So I guess I can apply the same workaround as mentioned in
https://bugzilla.opensuse.org/show_bug.cgi?id=1122591#c28
though no real fix is available yet. Thanks so far.
Comment 3 Oliver Kurz 2020-03-10 09:52:36 UTC
@mchang may I ask, what are your plans regarding a fix? What ETA should I expect? days/weeks/months/years?
Comment 4 Michael Chang 2020-03-10 10:38:26 UTC
(In reply to Oliver Kurz from comment #3)
> @mchang may I ask, what are your plans regarding a fix? What ETA should I
> expect? days/weeks/months/years?

Hi Oliver,

No, it is not grub. The installer is in charge of setting up the subvolumes. There seems to be no subvolumes proposed for the system initially.
Comment 5 Michael Chang 2020-03-10 10:41:06 UTC
Please see bug 1122591, comment 6
Comment 6 Michael Chang 2020-03-10 10:58:31 UTC
Admittedly I am not much into openQA, but sourcing from bsc#1097235 claimed that the problem has been fixed, why openQA still (constantly) notify the failure result ? Is there anything from the test case has to check for a more close result ?
Comment 7 Oliver Kurz 2020-03-10 11:23:54 UTC
If you really think https://bugzilla.opensuse.org/show_bug.cgi?id=1122591#c6 is the right solution which I would find very bad as users can unknowingly run into unbootable systems then please at least update this and other other bug accordingly to communicate this intention. This bug here is still in "NEW" and you are the bug assignee but I guess it should be in "CONFIRMED" or "IN_PROGRESS" with an update on the actual plan, right? Or even set it to "RESOLVED" with the according resolution, e.g. pointing to the release notes that cover this for Leap and other distributions.

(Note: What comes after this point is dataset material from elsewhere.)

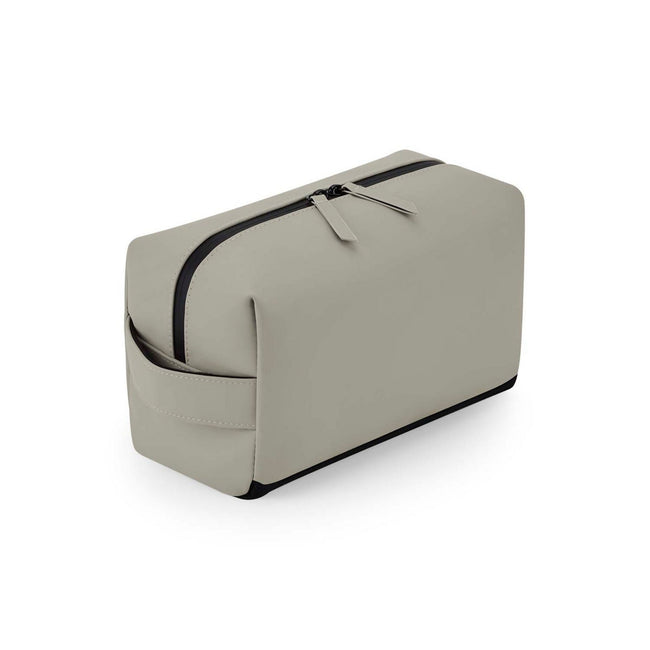 Clay - Front - Bagbase PU Coating 4L Toiletry Bag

I just checked again on the machine "aarch64" and just upgrading the package grub2-arm64-efi still breaks the boot with the same error as originally reported. Please keep in mind that this bug here is about an upgrade on a physical machine, so neither "migration" between different versions of products nor an openQA test itself.

Also, the workaround as mentioned in https://bugzilla.opensuse.org/show_bug.cgi?id=1122591#c28 did not work for me. I assume that the instructions are incomplete, e.g. if the btrfs subvolume needs to be mounted or so. There is also an unanswered question about this in https://bugzilla.opensuse.org/show_bug.cgi?id=1122591#c34

> Admittedly I am not much into openQA, but sourcing from bsc#1097235 claimed that the problem has been fixed, why openQA still (constantly) notify the failure result ? Is there anything from the test case has to check for a more close result ?

Regarding openQA test failure reminders, as https://bugzilla.opensuse.org/show_bug.cgi?id=1122591#c49 states:

> This bug is still referenced in a failing openQA test: 
> migration_media+scc_sle15_ha_alpha_node01
> https://openqa.suse.de/tests/3886491
>
> To prevent further reminder comments one of the following options should be followed:
> 1. The test scenario is fixed by applying the bug fix to the tested product or the test is adjusted
> 2. The openQA job group is moved to "Released"
> 3. The label in the openQA scenario is removed

https://openqa.suse.de/tests/3886491#step/patch_sle/106 is the location in test results which seems to record the soft failure which comes from https://github.com/os-autoinst/os-autoinst-distri-opensuse/blob/2e020725b70964a3465730411694e2849b3d487a/lib/utils.pm#L1583 after checking that the necessary btrfs subvolume is not already there. So I consider the products still affected because either the bugfix is not effective or never reached the affected product(s).
Comment 8 Michael Chang 2020-03-11 06:28:29 UTC
(In reply to Oliver Kurz from comment #7)
> If you really think https://bugzilla.opensuse.org/show_bug.cgi?id=1122591#c6
> is the right solution which I would find very bad as users can unknowingly
> run into unbootable systems then please at least update this and other other
> bug accordingly to communicate this intention.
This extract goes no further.